Ao cuidar da cultura nacional, a Constituição da República, em seus arts. 215 e 216, igualmente contempla direitos relacionados a tais comunidades descendentes de afrobrasileiros, estabelecendo que o Estado protegerá as suas manifestações culturais e, em especial, no art. 216, § 5º, afirmando que ficam tombados todos os documentos e os sítios detentores de reminiscências históricas de antigos quilombos.
Posto o marco legal e a partir da articulação dos movimentos sociais, sobrevieram inúmeros diplomas legais que versam sobre direitos das comunidades remanescentes de quilombos, cujo conhecimento é imprescindível para o Ministério Público.
De plano e em razão de sua relevância, importa citar o Decreto nº 4.887/031 , porque o referido ato normativo, em seu art. 2º, define comunidades remanescentes dos quilombos como sendo os grupos étnico-raciais, segundo critérios de auto-atribuição, com trajetória histórica própria, dotados de relações territoriais específicas, com presunção de ancestralidade negra relacionada com a resistência à opressão histórica sofrida.
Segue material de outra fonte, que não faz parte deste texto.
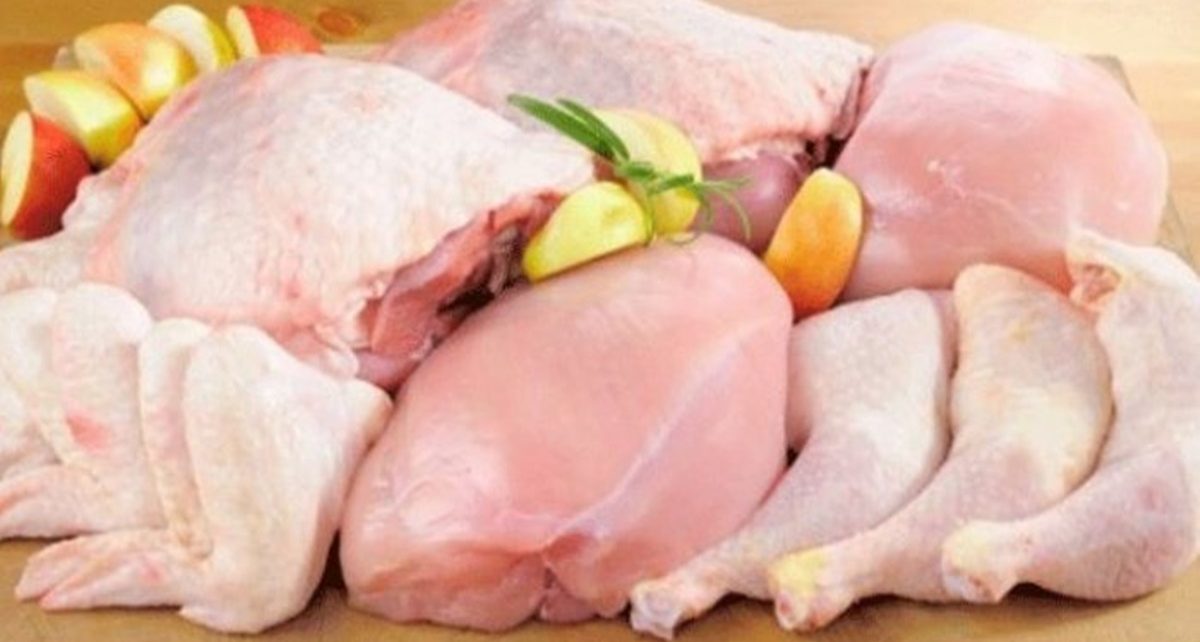 4 Jenis Penyakit Akibat Mengonsumsi Daging Ayam yang Belum Matang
O Decreto nº 4.887/03, consoante será melhor explicado adiante, é o diploma que regulamenta, no âmbito federal, o procedimento para identificação, reconhecimento, delimitação, demarcação e titulação das terras ocupadas por remanescentes das comunidades dos quilombos.
Em seguida, importa citar a Convenção nº 169 da Organização Internacional do Trabalho – OIT, que veio promulgada por meio do Decreto Federal nº 5.051/2004 e cuidou dos povos indígenas e tribais, aplicando-se, por conseguinte, aos quilombolas.
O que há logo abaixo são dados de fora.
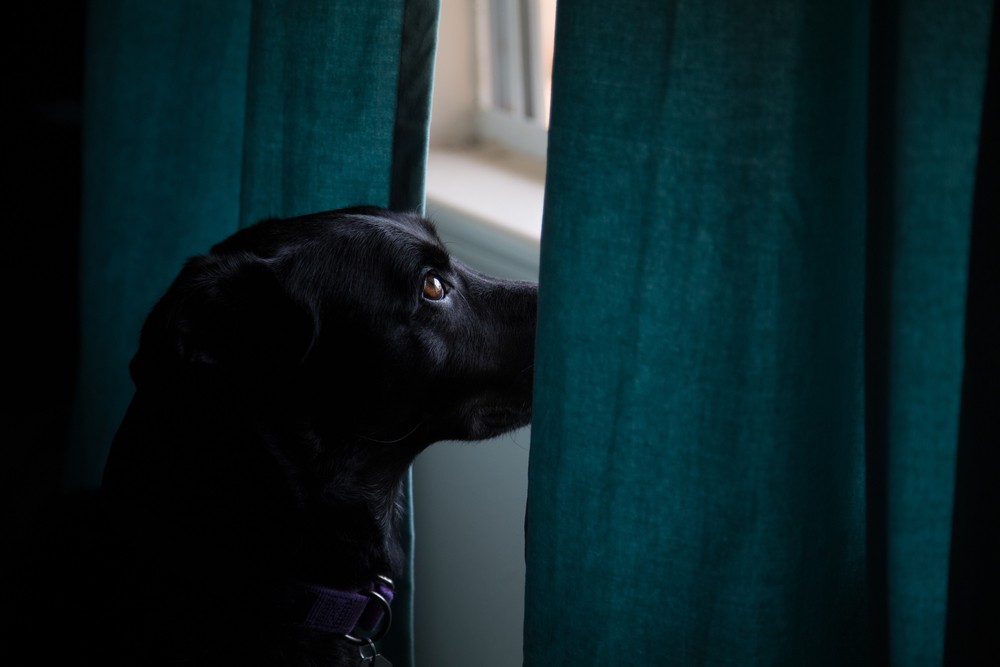 …nawet jeśli wszystko jest stracone i przepadło na zawsze, pozostaje …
Na sequência, sobreveio o Decreto Federal nº 6.040/07, que instituiu a Política Nacional de Desenvolvimento Sustentável dos Povos e Comunidades Tradicionais.
Anos depois, a Lei nº 12.288/10 instituiu o Estatuto da Igualdade Racial, cujo objetivo é garantir à população negra a efetivação da igualdade de oportunidades, a defesa dos direitos étnicos individuais, coletivos e difusos e o combate à discriminação e às demais formas de intolerância étnica.
O Estatuto da Igualdade Racial traz normas específicas para a tutela dos direitos dos membros das comunidades remanescentes de quilombos, dentre os quais os relacionados a saúde, saneamento básico, segurança alimentar e nutricional, cultura e acesso à terra (art. 8º, par. único; art. 17; art. 18; art. 31; art. 32; art. 33 e art. 34).